Based on the idea of self-concept, scientists hypothesized that long-lasting/detrimental regrets are likely caused by disparities between actual and ideal selves rather than actual and ought selves. In short, you are more likely to linger over things that could have been rather than what should have been. In addition, scientists suggested that your method of coping with regret affects the longevity of it. In specific, they believe that there is a more immediate response for coping efforts when you fail to live up to your “ought” self. However, failures catered to your “ideal” self are pushed aside and call for a less urgent response. Ultimately, these regrets have a more detrimental long-term effect in life.
To test out this hypothesis, scientists conducted six studies. In the first study, participants were asked if they regretted failing to live up to the person they would like to be (ideal self) more than failing to live up to the person they should be (ought self) and vice-versa. As predicted, participants experienced more regret when they failed to live up to their ideal self.
In the second and third study, participants were asked to think about specific regrets that held significance in their lives. After recalling their experience, they were asked to determine whether those regrets were ought-based or ideal-based.
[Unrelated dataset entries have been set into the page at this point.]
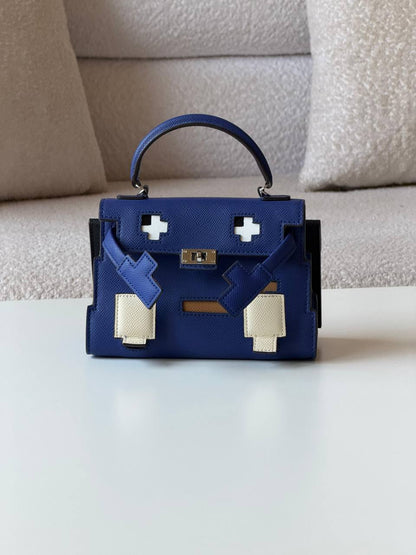 Hermes
 kelly doplex 22cm💥Master quality ✅with box📦
380 dhs💓

Zain52
♥️♥️♥️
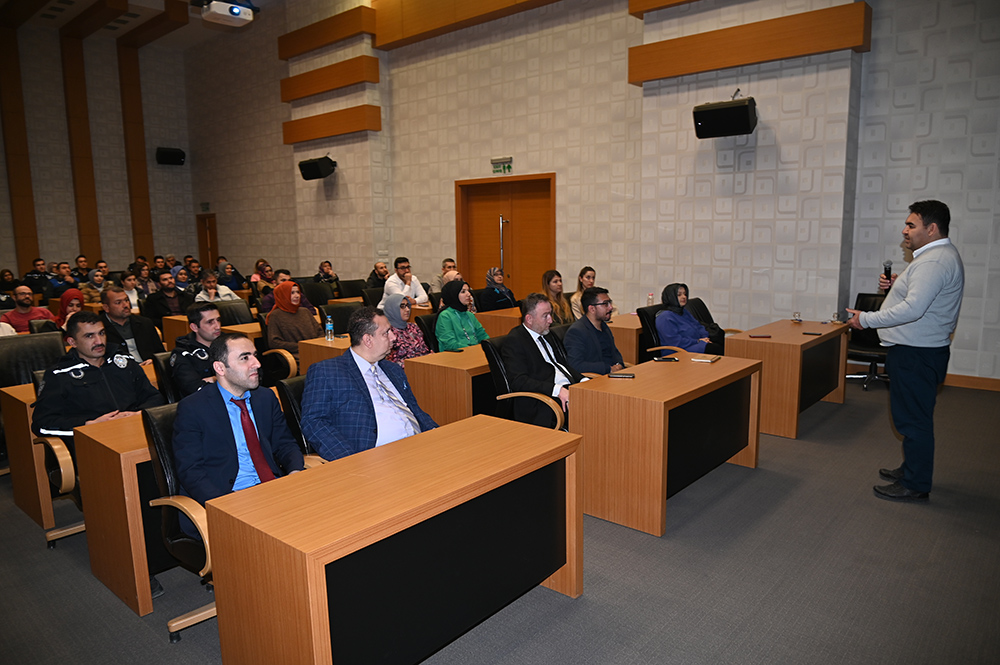 selcuklu-belediye-personeline-mizac-merkezli-iletisim-egitimi.jpg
As predicted, those significant regrets that they recalled were more ideal-based, indicating that the participants were likely to regret failing to live up to their ideal selves.
The fourth and fifth study focused more on the second part of the scientists’ hypothesis. They had predicted that people take immediate action to cope with ought-related regrets whereas ideal-related regrets were put on the back burner. Again, their predictions came true as participants felt that ideal-related regrets could be handled at a later time whereas ought-related regrets required immediate psychological/behavioural repair. A factor that may play into this is the constant pressure and desire to be accepted by society.
The sixth and last study aimed to find the connection between regrets that were resolved and unresolved. Scientists researched whether the resolved/unresolved regrets were related to the participant’s ought selves or their ideal selves. In line with the other studies, it was found that regrets identified as ideal-related did not evoke coping efforts which is why individuals with those regrets tend to believe they are still unresolved. On the other hand, social pressures made participants feel the need to handle their ought-related regrets which is why participants were likely to perceive their regrets as resolved.
From this series of studies, we can conclude that living life without regret is next to impossible. Whether it has to do with your personal or professional life, it is natural to reflect and wonder what you could have or should have done differently if you were able to go back in time. What is important to take away from these studies are that not all regrets are the same. Based on the three categories of self-concept, regrets have differences in intensity and number. You can use this information to help reduce the weight of the regrets in your life. For example, if you are the type of person that prioritizes your responsibilities and obligations, then it would be best to think long and hard before making any decisions that could affect those around you. However, if you are defined more by your personal ideal, then you should make decisions that help you move closer to what you would like to have and/or who you would like to become. Remember, in order to minimize the intensity of your regrets, you have to first know who you are and what defines you.
Baumeister, R. F. (1999). The nature and structure of the self: An overview. In R. Baumeister (Ed.), The self in social psychology (pp. 1-20). Philadelphia, PA: Psychology Press (Taylor & Francis).
Davidai, S., & Gilovich, T. (2018). The ideal road not taken: The self-discrepancies involved in people’s most enduring regrets. Emotion, 18, 439-452.